Several studies in laboratory animals and in vitro studies have recently been completed that demonstrate the protective effect of zinc against boric acid related developmental and fertility toxicity of boric acid. Humans have intrinsically higher levels of zinc than laboratory animals that explain in part the absence of boric acid related reproductive toxicity effects in humans. These studies provide important mechanistic data on the effects of zinc on boric acid related reproductive toxicity that raises doubt about the relevance of the effects for humans. These data provide further justification that classification of Repr. Category 2 H361d is more appropriate for boric oxide than Repr. Category 1B H360FD.

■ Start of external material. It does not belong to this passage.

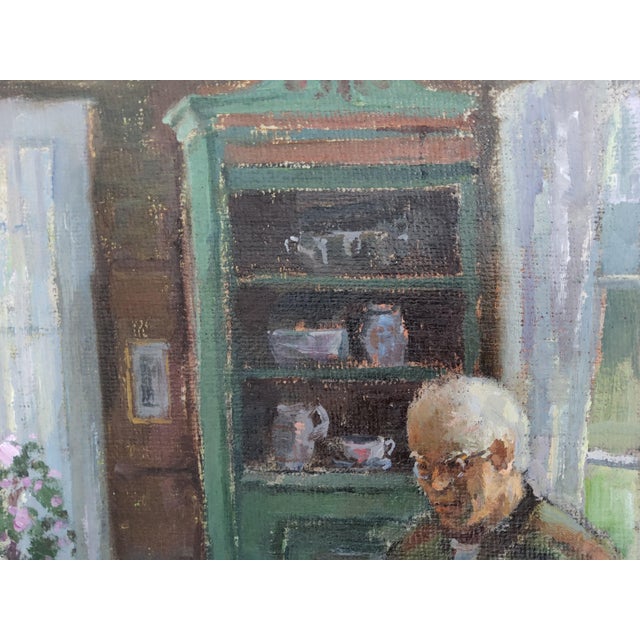 1970s Original Mid Century Norwegian Interior Oil Painting by Karl Vilhelm Anstensen 1978 For Sale - Image 5 of 18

Therefore, based on a total weight of evidence, Category 2 H361d: suspected human reproductive toxicant., suspected of damaging the unborn child is considered the appropriate classification. Extensive evaluations of sperm parameters in highly exposed workers have demonstrated no effects on male fertility. While no developmental effects have been seen in highly exposed populations, epidemiological studies of developmental effects are not as robust as the fertility studies, warranting the Category 2 H361d.

 

Regarding systemic target organ toxicity after repeated exposures (STOT-RE), boric oxide does not meet criteria for classification and labelling according to EU CLP Regulation (EC) No. 1272/2008) because no other than testis target organs were identified during the study (Weir, 1966).